Remaining in Tier 1 are a mass casualty attack on the US homeland (hard to remove that one), a serious cyberattack (that’s likely to be perennial too), a North Korea crisis, and an Israeli attack on Iran. Syria and Afghanistan remain in Tier 2 (I think I had Syria higher than that).

The Greater Middle East looms large in this list. Tier 2 is all Greater Middle East, including Libya, Egypt, Jordan, Lebanon, Pakistan, Turkey and Yemen (in addition to Tier 1 priorities Israel/Iran, Syria, Afghanistan and Palestine). That makes 11 out of 30, all in the top two tiers. Saudi monarchy succession is not even mentioned. Nor is Bahrain.

Sub-Saharan Africa makes it only into Tier 3. Latin America and much of Southeast Asia escape mention.

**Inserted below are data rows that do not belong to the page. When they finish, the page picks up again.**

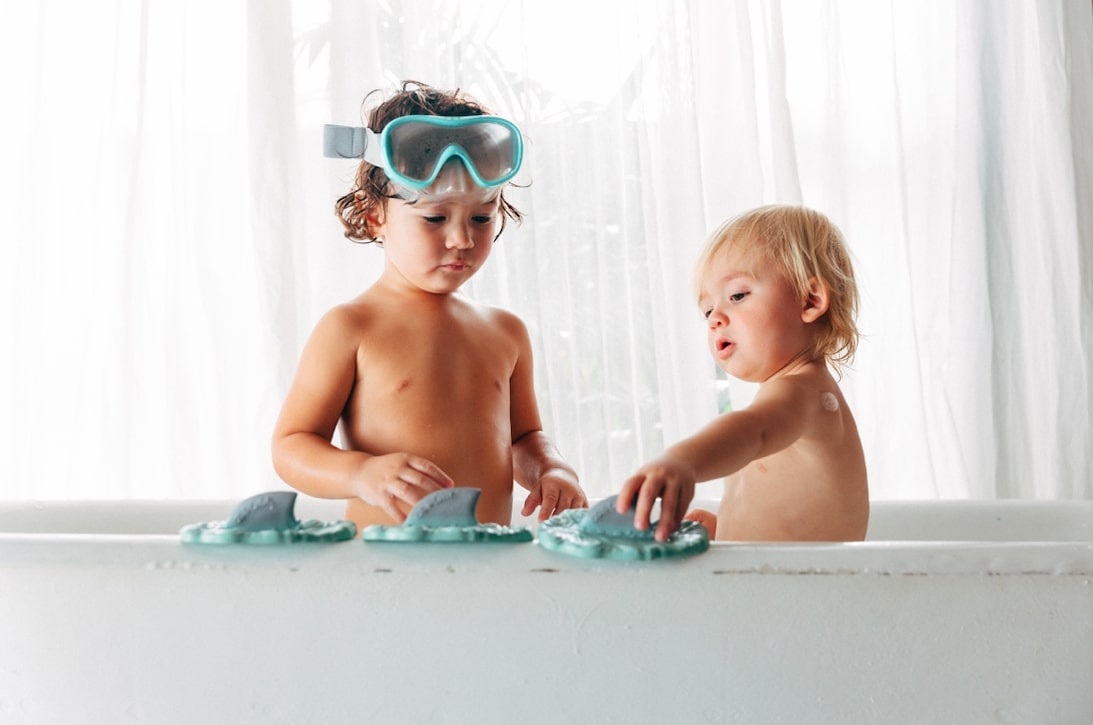 Oli & Carol Water Shark Bath Toy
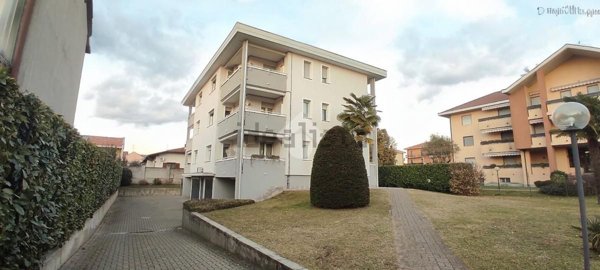 appartamento in vendita a Lonate Pozzolo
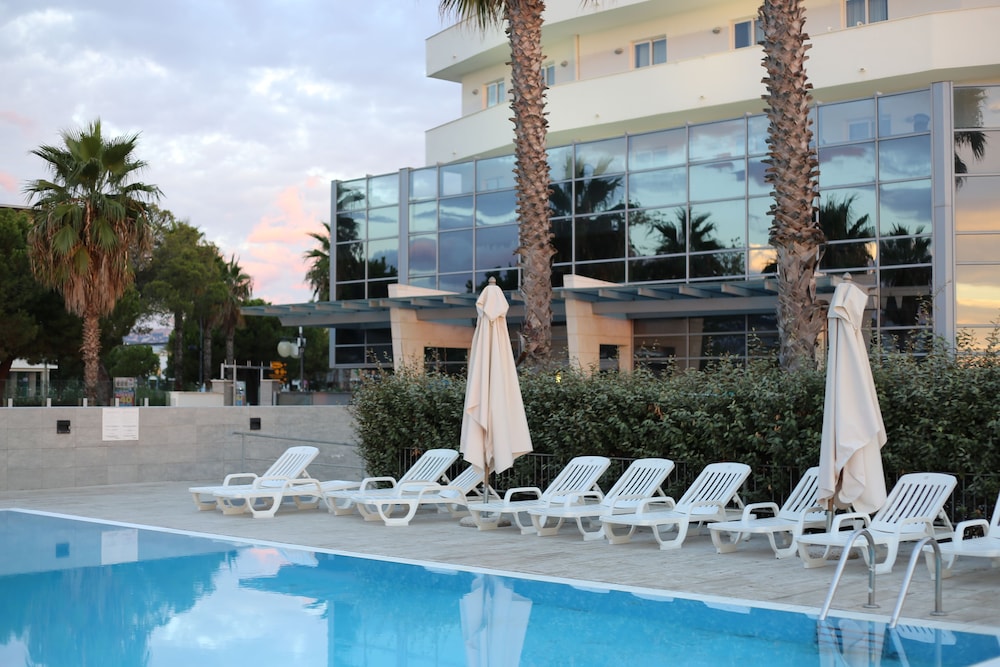 Sea Lion Hotel - zdjęcie 5
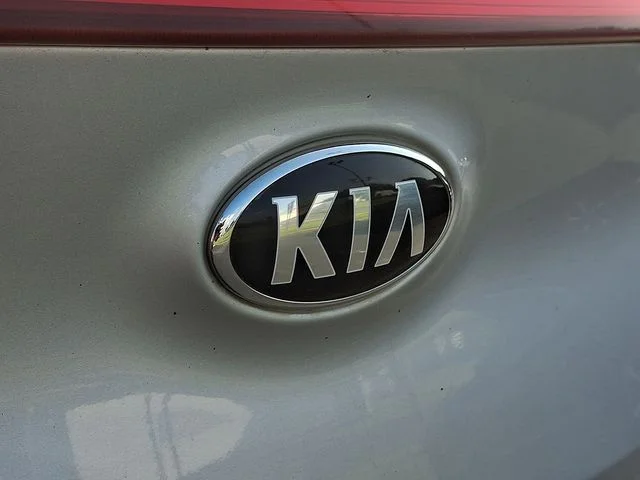 Used 2017 Silver Kia LX image 29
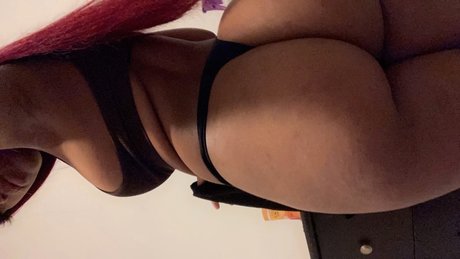 PetiteNina onlyfans star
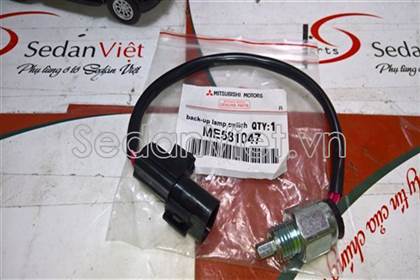 cong-tac-den-lui-mitsubishi-pajero-chinh-hang-21548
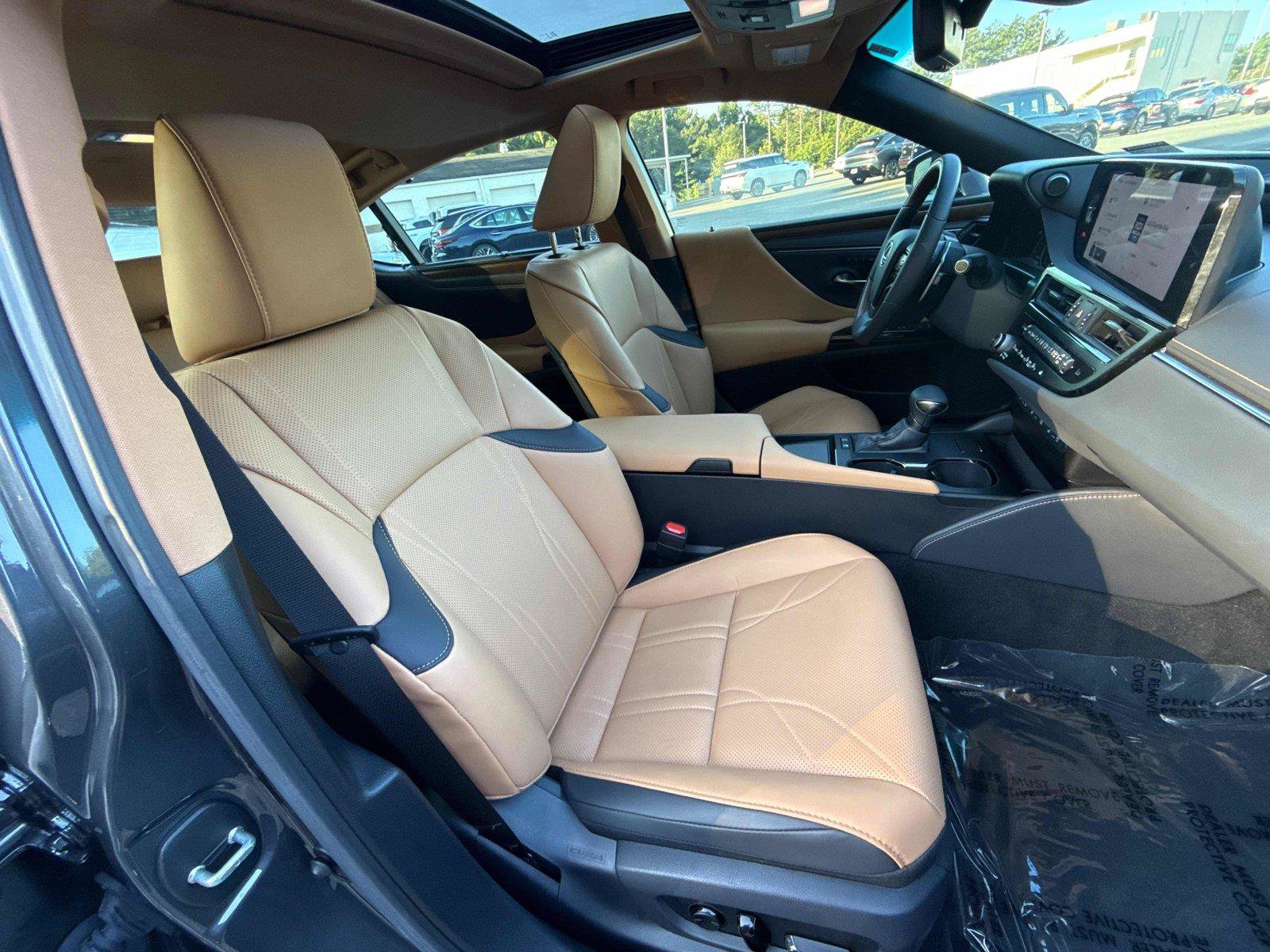 Used 2025 Lexus ES 300h Ultra Luxury w/ Accessory Package (Z2) FWD image 23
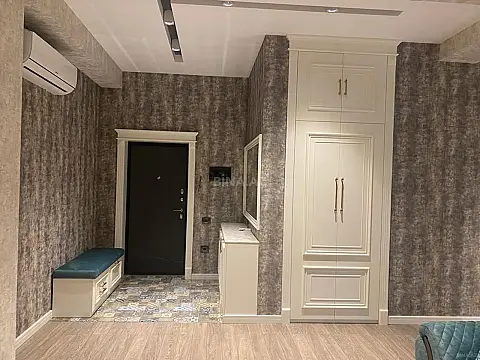 Kirayə verilir 2 otaqlı mənzil 75 m²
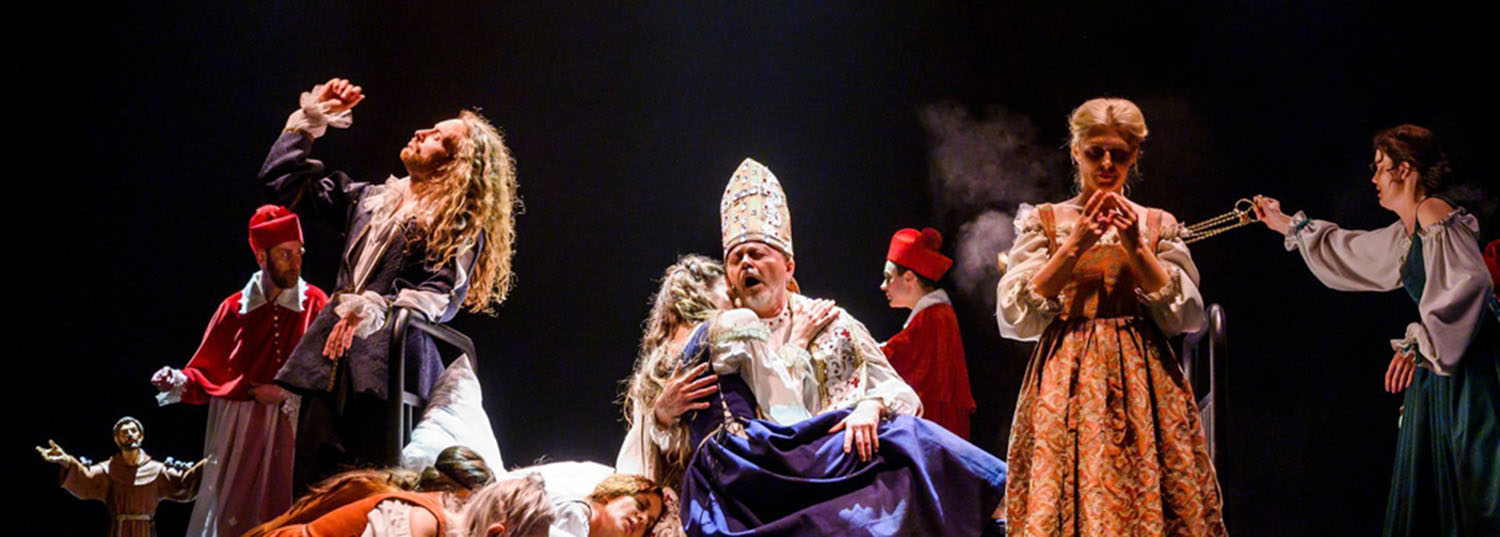 Spektaklis "Tarp Lenos kojų..."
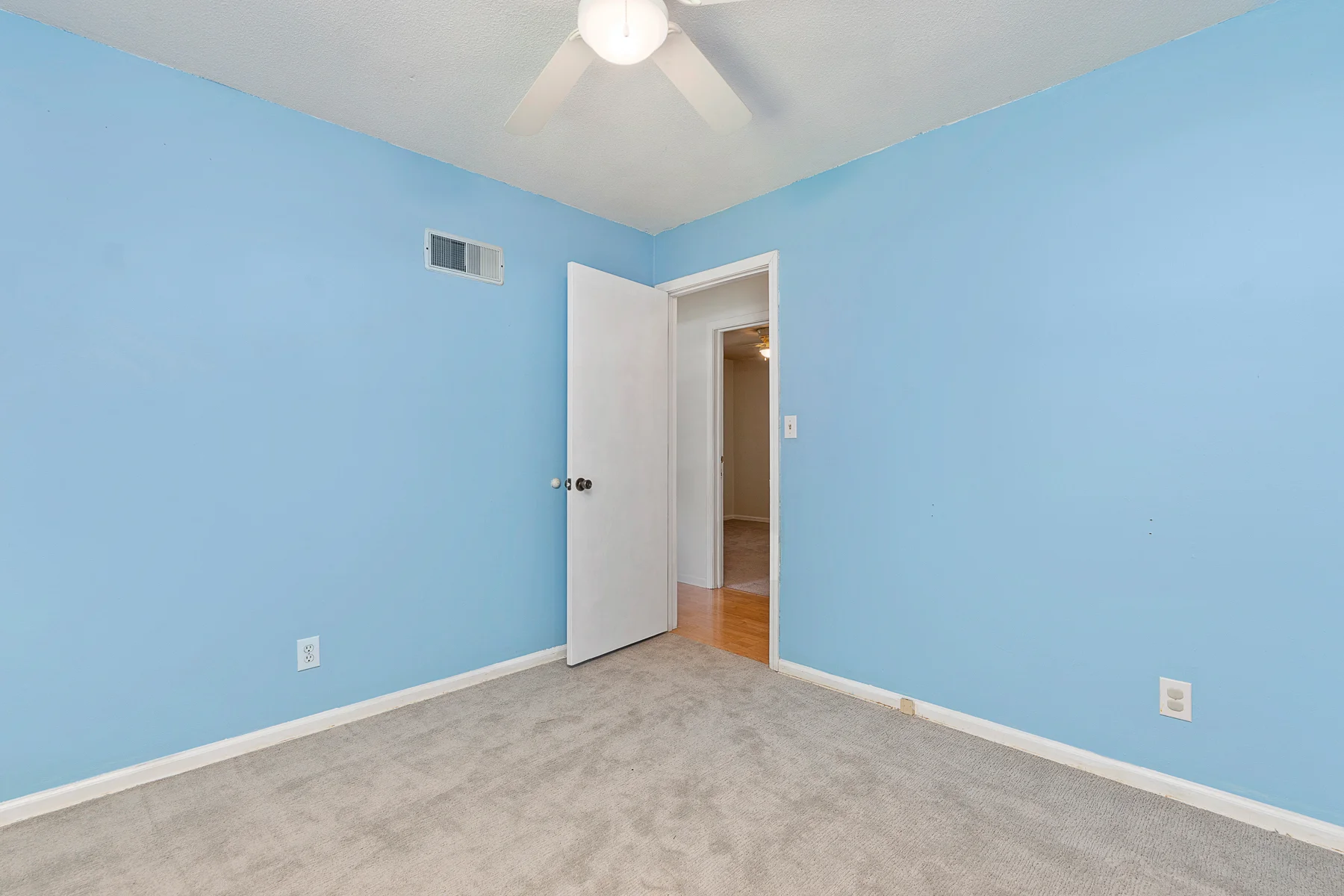 6713 East 134th Terrace - Web-217.JPG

There is a question in my mind whether the exclusively country-by-country approach of this survey makes sense. It is true of course that problems in the Middle East vary from country to country, but there are also some common threads: Islamic extremism, weak and fragile states, exclusionary governance, demographic challenges and economic failure. From a policy response perspective, it may make more sense to focus on those than to try to define “contingencies” country by country. If you really wanted to prevent some of these things from happening, you would surely have to broaden the focus beyond national borders. Russian expansionism into Russian-speaking territories on its periphery might be another more thematic way of defining contingencies.

One of the key factors in foreign policy is entirely missing from this list: domestic American politics and the difficulties it creates for a concerted posture in international affairs. Just to offer a couple of examples: failure to continue to pay Afghanistan’s security sector bills, Congressional passage of new Iran sanctions before the P5+1 negotiations are completed, or a decision by President Obama to abandon entirely support for the Syrian opposition. The survey ignores American “agency” in determining whether contingencies happen, or not. That isn’t the world I live in.

For my Balkans readers: no, you are not on the list, and you haven’t been for a long time so far as I can tell. In fact, it is hard to picture how any contingency today in the Balkans could make it even to Tier 3. That’s the good news. But it also means you should not be looking to Washington for solutions to your problems. Brussels and your own capitals are the places to start.